Sie haben schon recht: es gibt immer mal wieder Unterschiede zwischen der deutschen und der amerikanischen Version. Die von Ihnen angeführten Beispiele fallen in eine bestimmte Kategorie. Da geht es um Begriffe wie "CSU" oder "SPD", die jedem politisch Interessierten in Deutschland etwas sagen. Nun ist aber - in den letzten Wochen - die Mehrheit der Besucher meiner Site aus dem Ausland, vorwiegend aus den USA. Diese Besucher sind zwar auch politisch interessiert und über Europa bzw. Deutschland besser informiert als der Durchschnitt (z.B. in den USA), aber sie sind in der Regel mit Ausdrücken wie "CSU" oder "SPD" nicht so vertraut. Deswegen füge ich eine eigene Bewertung bei, z.B. "left-wing", oder "anti-american". (Die Anfügungen stammen übrigens immer von mir, nicht von Ray)

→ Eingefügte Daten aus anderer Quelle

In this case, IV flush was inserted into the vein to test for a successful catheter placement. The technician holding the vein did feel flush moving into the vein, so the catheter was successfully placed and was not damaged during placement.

Natürlich sind diese Bewertungen nie objektiv. Sie entsprechen meiner Meinung, bzw. dem, was ich annehme, was etwa ein Amerikaner zu dieser Partei oder Zeitung sagen würde. Was nun die Frage betrifft, ob die SPD "left-wing" ist: aus der Sicht eines Amerikaners sicherlich. Ist der SPIEGEL left-wing? Augstein war ein augezeichneter Journalist - und hat sich selbst als "links" bezeichnet.
vgl. http://www.taz.de/pt/2002/11/08/a0131.nf/text
Am ehesten hatte ich selbst noch Schwierigkeiten, die CSU als "pro-american" zu bezeichnen. Das ist sie nicht wirklich. Sie wirkt nur so im Vergleich zur SPD, vor allem der bayerischen, die ohne Zweifel überwiegend anti-amerikanisch ist und auch versucht hatte, für diese Position im Wahlkampf Resonanz zu finden.

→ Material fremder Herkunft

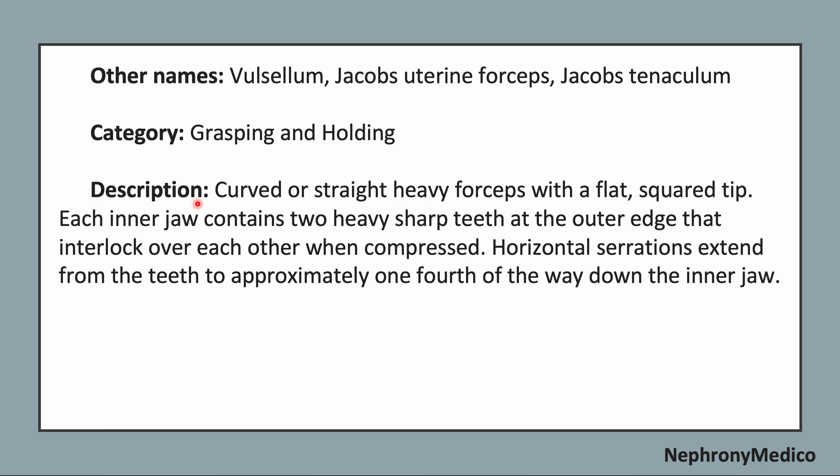Now, identifying points. This may be curved or straight heavy forceps with a flat square tip. Each inner jaw contains two heavy sharp teeth at the outer edge that interlock over each other when compressed. The horizontal serrations extend from the teeth to approximately one-fourth of the way down the inner jaw.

Nochmals: vielen Dank für Ihren Kommentar.

Hallo Herr Nagel,
gerade in der heutigen Zeit sind die Medien voller Lügen, Hetze, sogar Hass. Die Leser/Zuhörer werden emotionalisiert statt informiert. Wir sollten es besser machen. Ein Blick ins Internet hätte Ihnen die Information gegeben, daß Broder lediglich Autor für den Spiegel ist, aber mit Sicherheit nicht die Spiegel-Linie vertritt. Das einzig Erträgliche am Spiegel sind für mich die Broder-Artikel, aber die Hetze ist so massiv geworden, daß ich mich entschieden habe, meine Zeit nicht mehr mit dem Spiegel zu vergeuden. Spiegel hat in der berühmten Februar 2003 Ausgabe getitelt "Armee der Barmherzigkeit" und vorgetäuscht, Bush meinte das US-Militär. Als ich die Rede Bushs im Original las, fand ich das Zitat im Zusammenhang mit der Armee der ehrenamtlichen Helfer in den USA. Schorlehemmer hat diesen Begriff aus dem Spiegel aufgegriffen und aufs Militär bezogen, so wie der Spiegel es beabsichtigt hat. Rau und viele andere haben sich auf den Spiegel bezogen, wenn sie Bush als Gotteskrieger bezeichnet haben, er sei in göttlicher Mission unterwegs. Bush ist genauso religiös wie viele andere Präsidenten vor ihm. Das Wort "Mission" haben vor ihm alle Präsidenten gebraucht. Niemand hat zuvor einen Präsidenten als Gotteskrieger bezeichnet. Frau Maischberger berief sich auf meine Anfrage hin ebenfalls auf den Spiegel. Sie interviewte Rau und gab die Fragen vor, in denen sie auch unterstellte, Bush sei in göttlicher Mission unterwegs. Das hatte sie also aus dem Spiegel. Genug zum Spiegel. Biermann hat im übrigen ebenfalls einen hervorragenden Artikel im Spiegel veröffentlicht: Wollt ihr den totalen Frieden? Trotzdem wird der Spiegel dadurch nicht besser.